# YOUR ASSIGNMENT
Only the lines from the one containing "IN-LINE DOCUMENT HOLDER" through the last line below belong in your copy; transcribe them exactly and omit any pictures.

# DATASET EXCERPT
* * * * * * *

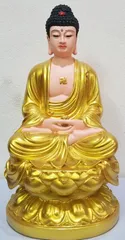 Tôn Tượng A Di Đà Ngồi cao 30cm - Tượng Phật Thờ Cúng A Di Đà Composite 843188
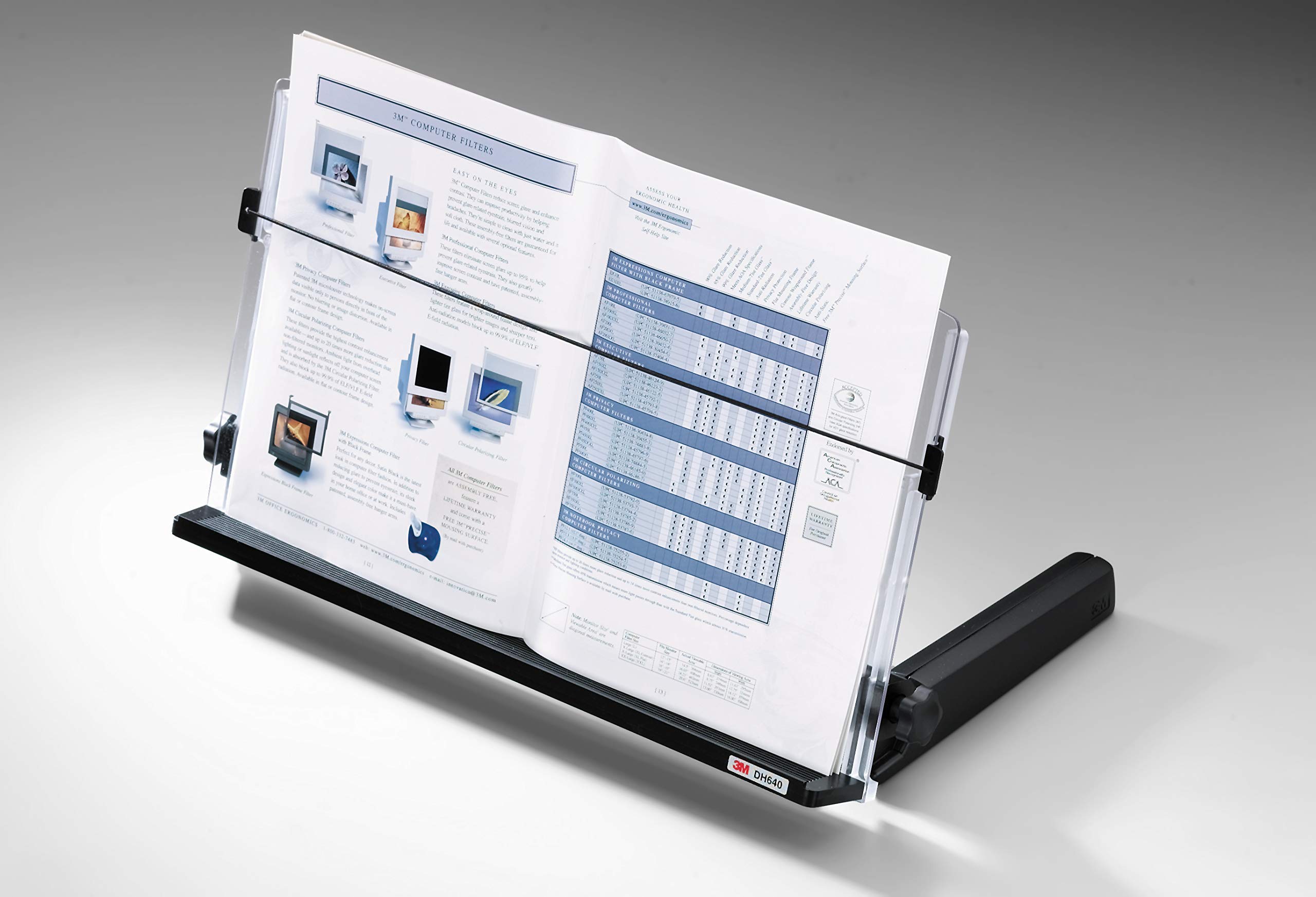IN-LINE DOCUMENT HOLDER 18IN    FIT ON DESK IN FRONT OF MONITOR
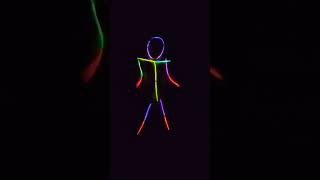 Glow stick neon dance [upl. by Aslehc]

* * * * * * *

# COMPLETED EXERCISE
IN-LINE DOCUMENT HOLDER 18IN    FIT ON DESK IN FRONT OF MONITOR
 Glow stick neon dance [upl. by Aslehc]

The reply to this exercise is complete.